“Permitting a landlord to evict a tenant for failure to pay the full market amount of rent because the landlord failed to remedy basic violations of the habitability standards of Section 8 would reward the landlord for its bad behavior, and perhaps even create an incentive for landlords to refuse to correct defects with their properties.”
In Scott v. Kaiuum, the Appellate Division for the County of Fresno considered California State unlawful detainer procedure in the context of Section 8 tenancies subject to rent abatement for habitability defects. It noted that a landlord can terminate a tenancy by serving a three-day notice to cure and quit, which states the “precise sum” that is due. However, while Congress and HUD defer to state law on terminating tenancies, HUD regulations require that the landlord maintain the unit in accordance with Housing Quality Standards (HQS), and if the landlord fails to do this, the housing authority may reduce or suspend housing assistance payments. (HUD regulation further provides that the family is not responsible for the portion of the rent covered by the housing assistance payment under the subsidy contract.)

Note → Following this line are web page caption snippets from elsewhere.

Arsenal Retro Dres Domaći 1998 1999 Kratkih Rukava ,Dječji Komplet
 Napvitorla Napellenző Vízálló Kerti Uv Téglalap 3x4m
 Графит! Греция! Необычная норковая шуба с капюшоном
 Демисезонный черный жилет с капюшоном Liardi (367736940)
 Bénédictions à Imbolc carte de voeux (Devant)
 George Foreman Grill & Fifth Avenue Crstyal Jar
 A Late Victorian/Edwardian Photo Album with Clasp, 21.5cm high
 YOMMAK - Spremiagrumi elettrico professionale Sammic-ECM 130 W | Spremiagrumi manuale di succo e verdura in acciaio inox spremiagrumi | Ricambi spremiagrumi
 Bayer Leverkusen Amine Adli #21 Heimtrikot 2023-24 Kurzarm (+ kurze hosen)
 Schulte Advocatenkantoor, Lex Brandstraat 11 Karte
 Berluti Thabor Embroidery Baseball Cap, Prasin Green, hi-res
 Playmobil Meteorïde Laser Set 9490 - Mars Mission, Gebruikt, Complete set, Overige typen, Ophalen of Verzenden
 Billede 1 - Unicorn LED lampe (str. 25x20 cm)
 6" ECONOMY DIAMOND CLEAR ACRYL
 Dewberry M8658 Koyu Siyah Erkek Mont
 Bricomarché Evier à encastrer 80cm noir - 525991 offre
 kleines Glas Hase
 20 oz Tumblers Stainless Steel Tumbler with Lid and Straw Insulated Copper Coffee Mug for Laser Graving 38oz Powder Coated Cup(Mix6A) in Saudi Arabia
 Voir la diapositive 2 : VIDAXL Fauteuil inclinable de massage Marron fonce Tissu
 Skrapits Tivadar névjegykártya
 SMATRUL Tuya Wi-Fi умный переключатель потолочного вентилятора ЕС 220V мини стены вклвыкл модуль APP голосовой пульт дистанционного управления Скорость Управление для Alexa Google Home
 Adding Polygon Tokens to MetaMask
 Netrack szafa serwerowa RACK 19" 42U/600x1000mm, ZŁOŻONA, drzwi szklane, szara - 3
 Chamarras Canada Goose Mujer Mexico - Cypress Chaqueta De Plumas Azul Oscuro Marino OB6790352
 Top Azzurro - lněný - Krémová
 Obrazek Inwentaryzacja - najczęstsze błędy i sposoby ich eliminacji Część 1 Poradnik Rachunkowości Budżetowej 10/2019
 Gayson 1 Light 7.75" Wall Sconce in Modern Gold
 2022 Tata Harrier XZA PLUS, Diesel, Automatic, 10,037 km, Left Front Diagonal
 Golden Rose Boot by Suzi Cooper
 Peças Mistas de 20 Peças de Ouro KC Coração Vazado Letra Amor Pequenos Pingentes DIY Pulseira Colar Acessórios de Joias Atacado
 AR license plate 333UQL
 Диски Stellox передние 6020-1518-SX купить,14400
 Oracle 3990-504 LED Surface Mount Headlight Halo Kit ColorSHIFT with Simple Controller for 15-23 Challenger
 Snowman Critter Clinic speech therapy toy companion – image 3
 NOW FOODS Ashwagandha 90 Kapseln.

In reversing the trial court judgment for the landlord, the Appellate Division found that the landlord had served a three-day notice after the Housing Authority abated the subsidy payment based on the landlord’s own violations of the habitability standards under Section 8. By demanding the entire amount, instead of just the tenant’s portion, the landlord overstated the amount of rent due.
The Appellate Division correctly applied federal HUD regulations to state unlawful detainer law. However, it went further to say that the landlord could not even demand rent at all (under substantive California law governing landlord-tenant relationships), because of the habitability defects as stated in the Housing Authority “abatement letter”. It stressed that the defects described in the letter would have constituted habitability defects preventing the landlord from serving a three-day notice in the first place.
In doing so, the Appellate Division seemed to be giving some form of evidentiary presumption to the abatement letter – a presumption that does not exist in California rental housing law. While those defects may indeed have existed, and while the abatement letter may have been served as incidental evidence of the defects, the tenant would have nonetheless been required to establish the existence of the defects at trial. At that point, the defects might have frustrated the issuance of the three-day notice in the first place, or they may have just justified a reduced “reasonable rental value”, and the tenant could have paid the reduced rent to remain in possession. In other words, there is not necessarily a straight line between the issuance of an abatement letter and the withholding of the subsidy portion of the rent and a complete abatement of all rental obligation.